> Task goal:
Using the listing below, print exactly everything from the line with "満開の桜並木（春イメージ） 138747965" down to the line with "Gartenhortensie (Hydrangea) Blau", both included, and nothing more.

> Data provided:

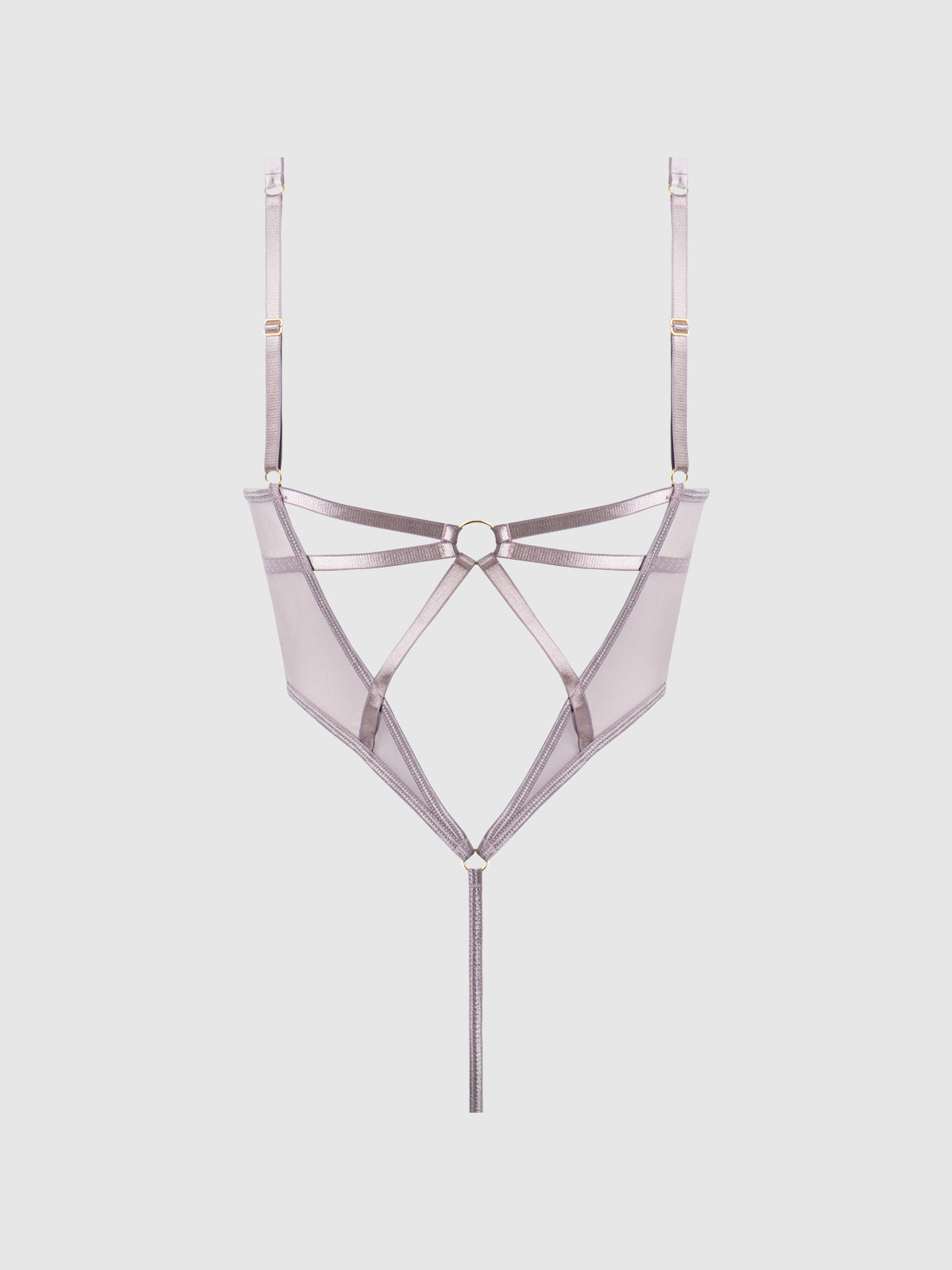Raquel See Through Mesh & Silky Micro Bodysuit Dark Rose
==
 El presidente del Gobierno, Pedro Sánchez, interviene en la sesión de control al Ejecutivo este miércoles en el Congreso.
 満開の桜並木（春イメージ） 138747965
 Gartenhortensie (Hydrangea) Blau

> Solution to this task:
 満開の桜並木（春イメージ） 138747965
 Gartenhortensie (Hydrangea) Blau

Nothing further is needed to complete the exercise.